The one situation where drive letters become significant is when an
application stores absolute paths in some settings store (be it the
registry, an INI file or a simple properties file.) If that app is
looking for something on the XP partition known as the C: drive, and
that partition is known as D: under Vista, you are obviously going to
run into problems.
=============================
Guy Rouillier
 
C

Colin Barnhorst

Each of my OS's are internally consistent when running, so like you I really
don't care what my drive letters are. I name each volume anyway so I can
tell at a glance where I am navigating. The names persist across OS's and
just make more sense. Drive letters are dinosaurs in any case and certainly
not as meaningful as names.
 
M

Max

Not exactly true. Only the system drive(s)/partition(s) cannot be
re-assigned a drive letter in this manner.
Any other drives (backup, data, etc) can be changed or shuffled to use any
available drive letters.

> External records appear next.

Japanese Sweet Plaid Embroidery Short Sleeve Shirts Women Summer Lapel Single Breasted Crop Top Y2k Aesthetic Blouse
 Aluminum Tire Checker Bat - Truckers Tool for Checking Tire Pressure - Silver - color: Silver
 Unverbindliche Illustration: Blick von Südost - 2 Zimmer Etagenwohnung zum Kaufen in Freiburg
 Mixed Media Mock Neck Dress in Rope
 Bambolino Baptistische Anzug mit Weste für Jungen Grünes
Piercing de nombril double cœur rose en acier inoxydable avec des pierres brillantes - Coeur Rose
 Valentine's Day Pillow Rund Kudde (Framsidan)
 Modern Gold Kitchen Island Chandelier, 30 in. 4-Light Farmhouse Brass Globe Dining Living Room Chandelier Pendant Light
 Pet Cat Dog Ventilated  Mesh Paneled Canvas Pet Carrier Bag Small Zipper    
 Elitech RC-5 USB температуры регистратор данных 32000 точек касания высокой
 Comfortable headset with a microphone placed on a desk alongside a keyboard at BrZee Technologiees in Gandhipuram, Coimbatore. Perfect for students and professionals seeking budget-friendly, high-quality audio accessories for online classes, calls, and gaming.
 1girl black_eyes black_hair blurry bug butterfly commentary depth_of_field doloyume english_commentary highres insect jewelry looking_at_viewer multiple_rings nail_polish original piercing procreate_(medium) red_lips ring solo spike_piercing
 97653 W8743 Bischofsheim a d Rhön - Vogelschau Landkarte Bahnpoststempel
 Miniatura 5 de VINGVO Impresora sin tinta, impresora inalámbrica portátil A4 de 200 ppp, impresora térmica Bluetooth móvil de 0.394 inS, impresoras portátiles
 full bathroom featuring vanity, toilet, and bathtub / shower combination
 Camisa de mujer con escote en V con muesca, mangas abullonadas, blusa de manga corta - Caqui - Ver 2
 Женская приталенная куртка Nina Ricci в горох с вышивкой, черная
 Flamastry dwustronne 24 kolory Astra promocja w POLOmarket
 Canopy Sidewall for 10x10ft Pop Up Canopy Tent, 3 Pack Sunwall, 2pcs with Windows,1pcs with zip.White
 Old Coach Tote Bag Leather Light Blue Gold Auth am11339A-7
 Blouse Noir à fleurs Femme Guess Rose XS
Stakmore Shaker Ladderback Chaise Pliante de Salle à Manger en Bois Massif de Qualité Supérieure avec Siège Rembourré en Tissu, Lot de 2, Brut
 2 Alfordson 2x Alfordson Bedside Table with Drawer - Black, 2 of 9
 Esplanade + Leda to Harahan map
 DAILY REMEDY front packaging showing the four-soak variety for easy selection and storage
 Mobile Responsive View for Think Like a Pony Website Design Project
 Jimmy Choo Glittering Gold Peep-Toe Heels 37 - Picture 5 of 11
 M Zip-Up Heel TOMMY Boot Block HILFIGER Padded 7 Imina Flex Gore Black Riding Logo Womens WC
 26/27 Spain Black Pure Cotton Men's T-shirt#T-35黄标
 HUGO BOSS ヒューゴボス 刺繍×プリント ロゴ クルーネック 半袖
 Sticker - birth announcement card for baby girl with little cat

How this may affect installations and programs
depends on how the drives were used, and what may have been installed to
them.
 
J

Jeff Gaines

Drive letters are dinosaurs in any case and certainly not as meaningful as
names.

Accepting that is the way things are going I just tried:

dir \\DataBack\Temp

and get:
The network path was not found.

I know you can do this with share names but until you can do it with
volume names don't we still need drive letters?
 
C

chriske911

Jeff Gaines pretended :
On 29/11/2006 in message <[email protected]> Colin
Barnhorst wrote:
Accepting that is the way things are going I just tried:
dir \\DataBack\Temp
and get:
The network path was not found.
I know you can do this with share names but until you can do it with volume
names don't we still need drive letters?

I already mentioned this lacking feature before in this NG under the
same subject
there is absolutely no way you can browse the file system using the
names of the partitions
however, if you try \\..\partitionname then the underlying folder are
resolved
so there is actually some access to the file system possible this way
but never fully developed or so I gather
so under windows, yes, you still need drive letters AFAIK

grtz
 
M

Marty Felker

I certainly agree with theabsurdity of drive letters. When I boot Windows
XPx64 into recovery console from the CD and run dispart - drive H: suddenly
becomes Drive F:

Go figure. I did once have a problem renaming the CD-ROM drive letter,
because I wanted to. Windows then would not recognize the physical drive!
Forget how I fixed that - probably had to re-install. Since Linux looks a
devices there is no such problems. I try to remember not to copy files from
XP to Vista - but as you say it probably doesn't matter.